Extracted records:
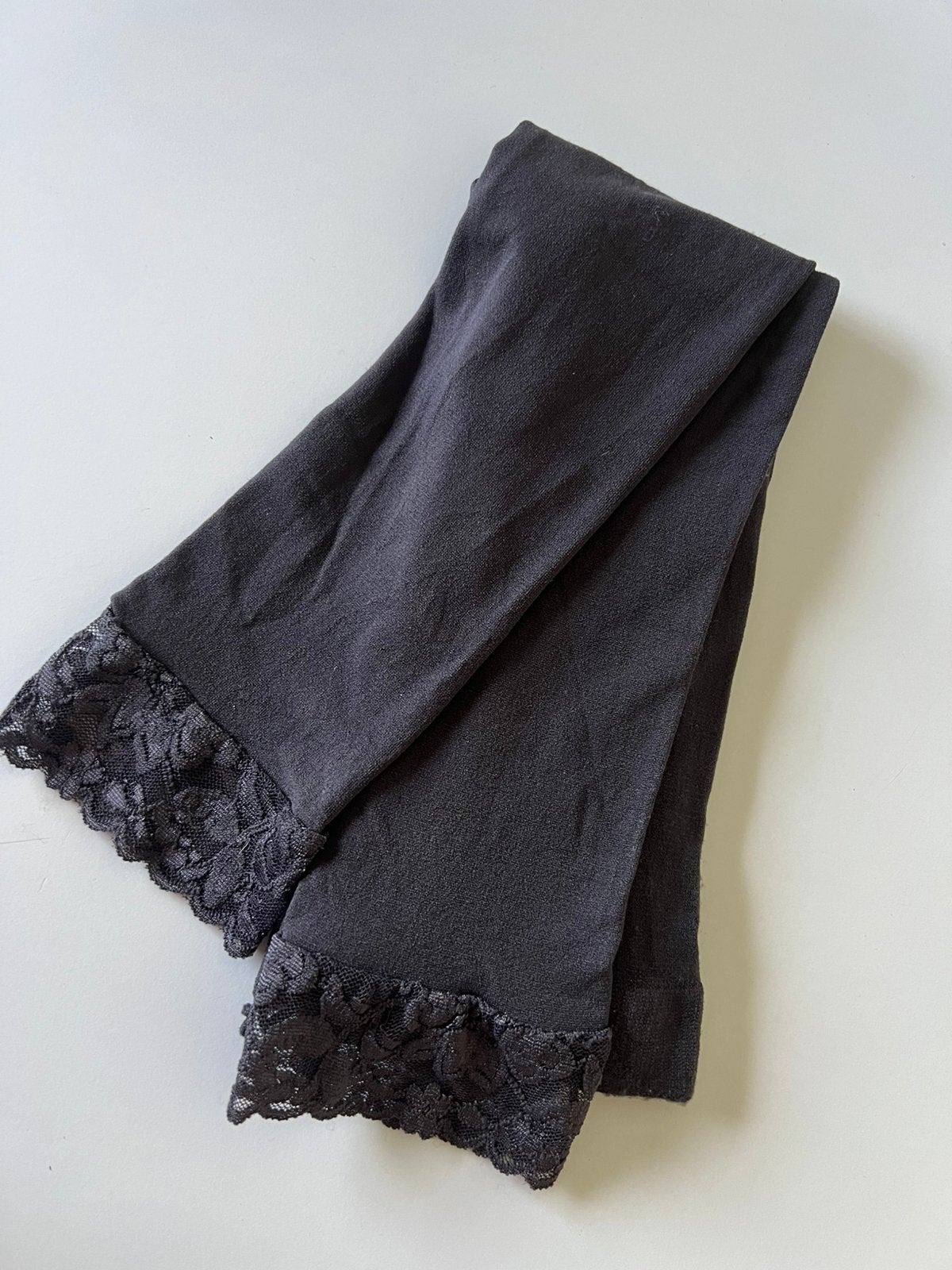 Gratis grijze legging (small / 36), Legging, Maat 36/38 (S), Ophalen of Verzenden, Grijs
* * *
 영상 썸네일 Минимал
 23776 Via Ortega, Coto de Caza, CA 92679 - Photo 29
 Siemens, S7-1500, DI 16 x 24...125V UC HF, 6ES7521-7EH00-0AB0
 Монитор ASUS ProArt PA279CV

Problem description: Reproduce the entries above exactly, but only the lines between the line holding "영상 썸네일 Минимал" and the line holding "Монитор ASUS ProArt PA279CV", inclusive.

Worked solution:
 영상 썸네일 Минимал
 23776 Via Ortega, Coto de Caza, CA 92679 - Photo 29
 Siemens, S7-1500, DI 16 x 24...125V UC HF, 6ES7521-7EH00-0AB0
 Монитор ASUS ProArt PA279CV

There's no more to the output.